§ TASK REQUIREMENTS
Where in the records does the word "from" occur? Copy each line in which it does.

§ Short web captions
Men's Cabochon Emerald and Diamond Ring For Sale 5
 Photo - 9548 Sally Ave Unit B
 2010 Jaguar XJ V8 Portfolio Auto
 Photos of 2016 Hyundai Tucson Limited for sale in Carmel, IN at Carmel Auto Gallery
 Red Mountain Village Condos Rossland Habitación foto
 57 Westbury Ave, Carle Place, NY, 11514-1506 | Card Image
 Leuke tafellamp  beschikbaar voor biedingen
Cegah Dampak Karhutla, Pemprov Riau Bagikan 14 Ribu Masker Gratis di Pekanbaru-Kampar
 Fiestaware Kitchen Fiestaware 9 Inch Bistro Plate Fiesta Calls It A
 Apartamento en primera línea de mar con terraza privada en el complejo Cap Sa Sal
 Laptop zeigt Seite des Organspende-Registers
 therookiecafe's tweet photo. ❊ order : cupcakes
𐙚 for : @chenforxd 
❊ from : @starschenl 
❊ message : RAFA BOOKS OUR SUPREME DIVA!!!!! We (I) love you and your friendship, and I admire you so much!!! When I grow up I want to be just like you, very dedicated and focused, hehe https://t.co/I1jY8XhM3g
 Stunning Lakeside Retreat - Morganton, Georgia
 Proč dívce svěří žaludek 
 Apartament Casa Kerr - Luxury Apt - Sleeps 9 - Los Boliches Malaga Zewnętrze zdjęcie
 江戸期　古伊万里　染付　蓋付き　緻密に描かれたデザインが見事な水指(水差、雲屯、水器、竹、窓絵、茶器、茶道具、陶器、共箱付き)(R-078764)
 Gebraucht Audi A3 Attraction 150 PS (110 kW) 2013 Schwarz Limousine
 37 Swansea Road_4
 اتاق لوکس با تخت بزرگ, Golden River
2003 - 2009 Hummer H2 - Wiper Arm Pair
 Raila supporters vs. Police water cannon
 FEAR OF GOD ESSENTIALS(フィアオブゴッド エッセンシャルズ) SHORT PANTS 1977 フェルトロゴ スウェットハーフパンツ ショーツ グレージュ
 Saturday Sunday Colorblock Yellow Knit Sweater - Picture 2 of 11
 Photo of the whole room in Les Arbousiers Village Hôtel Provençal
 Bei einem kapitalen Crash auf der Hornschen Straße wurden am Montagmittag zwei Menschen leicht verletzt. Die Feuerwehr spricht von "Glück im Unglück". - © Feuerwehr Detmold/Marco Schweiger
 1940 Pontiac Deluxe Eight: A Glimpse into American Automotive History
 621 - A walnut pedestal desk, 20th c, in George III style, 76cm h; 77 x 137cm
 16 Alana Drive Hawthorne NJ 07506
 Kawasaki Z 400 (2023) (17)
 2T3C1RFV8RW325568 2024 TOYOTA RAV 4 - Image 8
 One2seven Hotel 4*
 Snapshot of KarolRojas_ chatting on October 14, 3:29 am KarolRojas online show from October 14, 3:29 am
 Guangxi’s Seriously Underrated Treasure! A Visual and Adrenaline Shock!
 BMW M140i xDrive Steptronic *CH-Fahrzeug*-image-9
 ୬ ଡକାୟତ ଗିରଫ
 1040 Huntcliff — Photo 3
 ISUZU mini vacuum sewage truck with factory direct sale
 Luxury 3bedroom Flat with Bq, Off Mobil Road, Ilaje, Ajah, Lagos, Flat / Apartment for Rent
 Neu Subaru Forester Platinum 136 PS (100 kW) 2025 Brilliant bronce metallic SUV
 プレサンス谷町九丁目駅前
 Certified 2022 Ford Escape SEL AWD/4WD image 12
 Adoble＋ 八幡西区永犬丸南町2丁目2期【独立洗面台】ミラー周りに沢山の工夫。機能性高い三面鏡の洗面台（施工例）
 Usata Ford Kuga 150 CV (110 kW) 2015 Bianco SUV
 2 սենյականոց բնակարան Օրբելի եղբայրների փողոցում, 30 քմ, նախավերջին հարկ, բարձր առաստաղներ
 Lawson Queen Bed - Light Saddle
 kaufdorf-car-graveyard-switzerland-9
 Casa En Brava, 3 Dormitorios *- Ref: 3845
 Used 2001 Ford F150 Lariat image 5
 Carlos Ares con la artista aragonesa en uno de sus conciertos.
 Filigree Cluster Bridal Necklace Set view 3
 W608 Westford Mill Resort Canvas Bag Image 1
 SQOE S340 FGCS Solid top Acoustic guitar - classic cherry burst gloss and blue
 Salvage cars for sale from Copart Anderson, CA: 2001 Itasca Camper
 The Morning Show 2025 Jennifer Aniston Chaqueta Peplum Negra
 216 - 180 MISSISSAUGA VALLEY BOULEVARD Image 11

§ RESPONSE TO THIS EXERCISE
❊ from : @starschenl 
 Snapshot of KarolRojas_ chatting on October 14, 3:29 am KarolRojas online show from October 14, 3:29 am
 Salvage cars for sale from Copart Anderson, CA: 2001 Itasca Camper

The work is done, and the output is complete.